A couple of weeks ago I read an interesting article in The New York Times about “thin places,” which are places where the space between heaven and earth is said to be thinnest. Many of these places are famous religious places, where people feel more at peace than in their regular days. What I liked about this article, though, was that the author argued that thin places can exist anywhere and at anytime. They do not necessarily have to be related to something spiritual or to a religion. Instead, thin places are different for all people. The thing that is the same about them is the feeling that comes over you when you find yours, he writes. But you won’t know it until you find it.

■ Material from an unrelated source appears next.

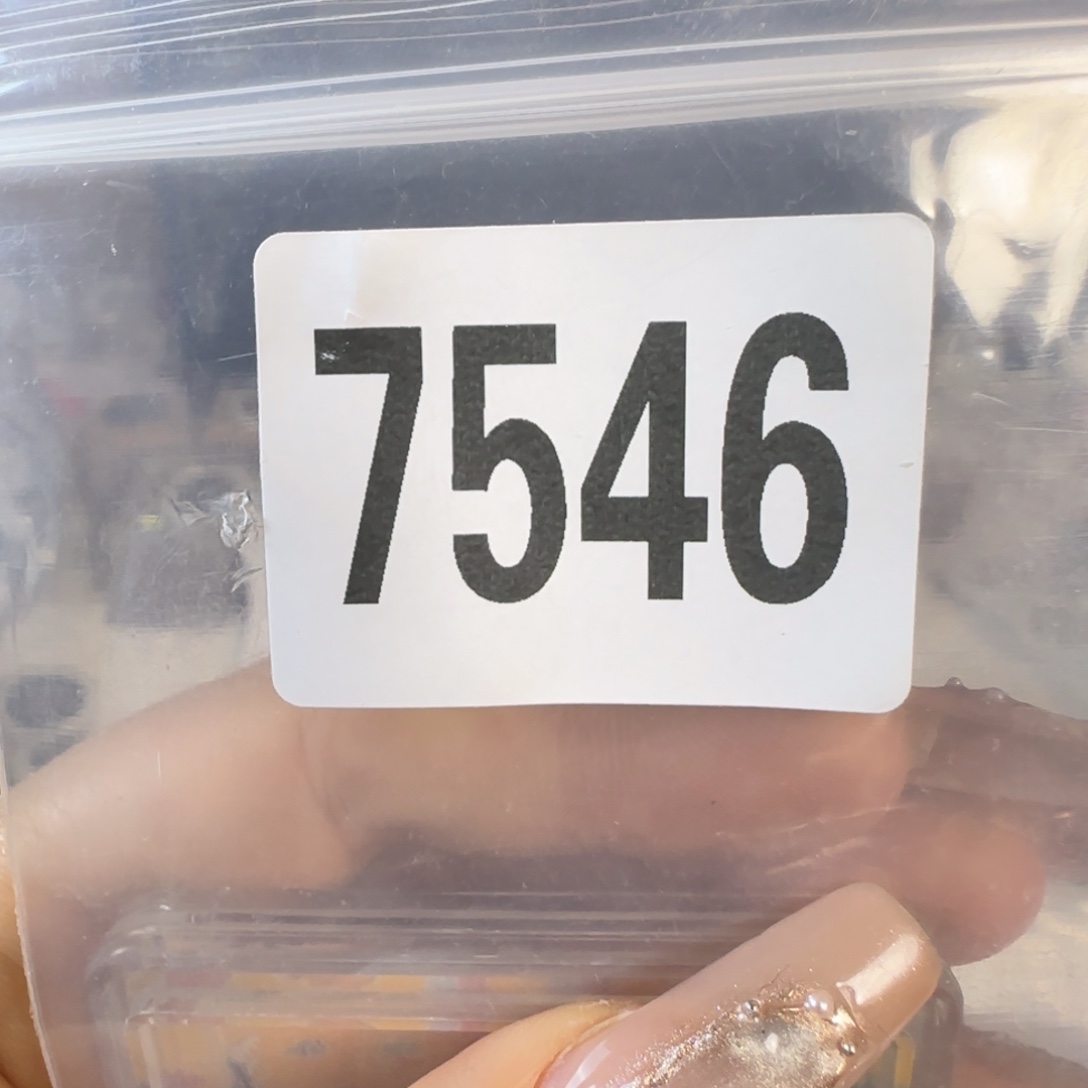 新号开播福利多多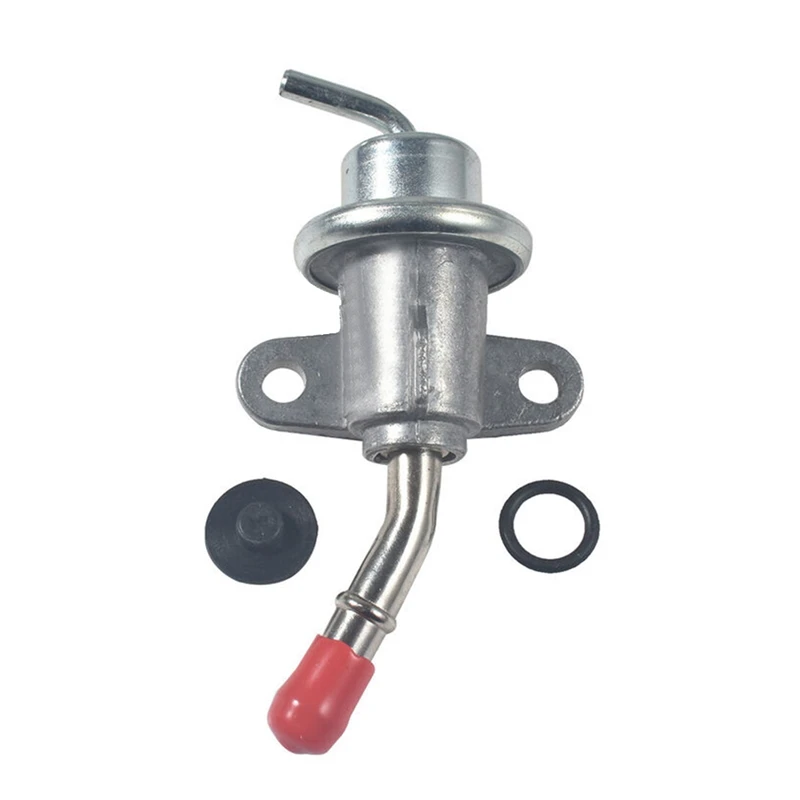 16740-MBW-J32 Новый регулятор давления топлива для Honda F4i CBR 600 2001-2006 запчасти аксессуары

I feel like I spent most of my life looking for such a place. When I was a child, I was a part of a very strict religion, but I always felt like I was part of a charade. I would sit in churches and temples and look around at all of the people praying and totally on board with everything going on and I would think, “Is there something wrong with me? I just don’t get it.” For years, before I finally left the church, I refused to say prayers in church or give talks during sacrament because I felt like such a fraud and I worried that saying a prayer or saying things in church that I didn’t believe in would somehow give me bad karma. Alas, I never did find a “thin place” in any of those churches or temples when I was younger and I had almost completely forgotten about those experiences until I read this article because the article reminded me of a moment when I did finally have that feeling. It happened in Kathmandu, Nepal, just a few months ago.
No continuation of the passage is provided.